Courtesy of: Fox Searchlight Pictures

It doesn’t help that Malick has descended ever deeper into a notion of cinema where story is more about sensory ephemera than straightforward narrative. As if to test this credo, the only exposition Malick employs in The Tree of Life is where a middle-aged man simply wakes up one morning, says “no” to the inexorable flux of life and starts to remember, while in To the Wonder, an American man and a European woman conduct a checkered relationship across two continents.
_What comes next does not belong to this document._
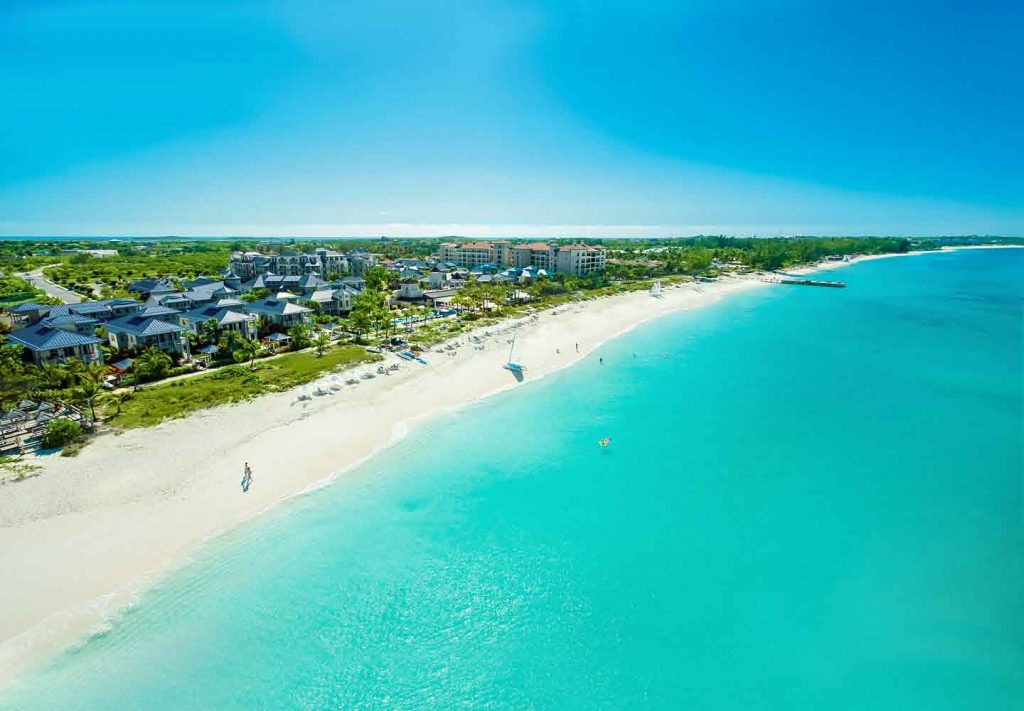 Aerial picture of the long stretch of white sand beach at Beaches Turks and Caicos - all inclusive resorts that are baby friendly.
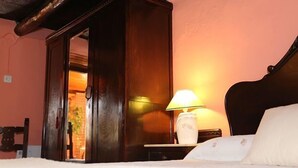 Una habitación de hotel con un armario de madera, una mesita de noche con lámpara y una cama con ropa de cama blanca.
Highlighting the increasing refinement and abstraction of Malick’s craft – if his ‘chorus’ for his first two films is the hazy voiceovers of Spacek and Manz, and for the following two films the emotion and bombast of Zimmer, Horner, Mozart, Wagner et al., in The Tree of Life and To the Wonder it’s Emmanuel Lubezki’s camera. In a mesmeric exposition of pure cinema, the camera’s gaze becomes both a narrative conduit and our guiding spirit. In The Tree of Life it personifies Jack’s (Sean Penn) rapture at his youthful reminiscence, while it’s a form of omniscient sanctity in To the Wonder, offering flashes of divinity amid the geographical and spiritual crises of the three main characters. With Lubezki’s cinematography, these characters devolve into ciphers – transient spectres in Malick’s rhapsody on the transcendent, glorious arena of life around them.

Top 5 Terrence Malick Films

1. Days of Heaven (1978) – Perhaps the picture where Malick came closest to perfecting all his hallmark technical and philosophical proclivities. Visually stunning; a simply timeless, heartbreaking narrative; and in this writer’s opinion, cinema’s greatest exemplar of voiceover.

Days.of .Heaven.000

Courtesy of: Paramount Pictures

2. The Tree of Life (2011) – An absolutely staggering evocation of childhood told almost entirely through the sensuality of memory. Malick presents the whole cosmic evolution of love and grace, and yet despite this feel for the epic and the profound, he retains an intimate, heartfelt edge.

TreeofLife4

Courtesy of: Fox Searchlight Pictures

3. The New World (2005) – In many ways, more a tone poem or opera than feature film: the Pocahontas legend gets the most lyrical, emotional and rapturous treatment imaginable, scored almost entirely to Wagner and Mozart (and James Horner!).

TheNewWorld

Courtesy of: New Line Cinema

4. Badlands (1973) – Malick’s first film and by far his tightest exercise in storytelling. His trademarks are already present, from the masterly use of voiceover to the pastoral setting and the staggering central female performance – in this case from Sissy Spacek.

Badlands

Courtesy of: Warner Bros.

5. The Thin Red Line (1998) – A masterful work featuring moments of jaw-droppingly beautiful storytelling. The Witt characterisation/subplot is a highly moving moral pivot for the narrative, and Malick’s relentless quest to both deglorify and transcend war is noble.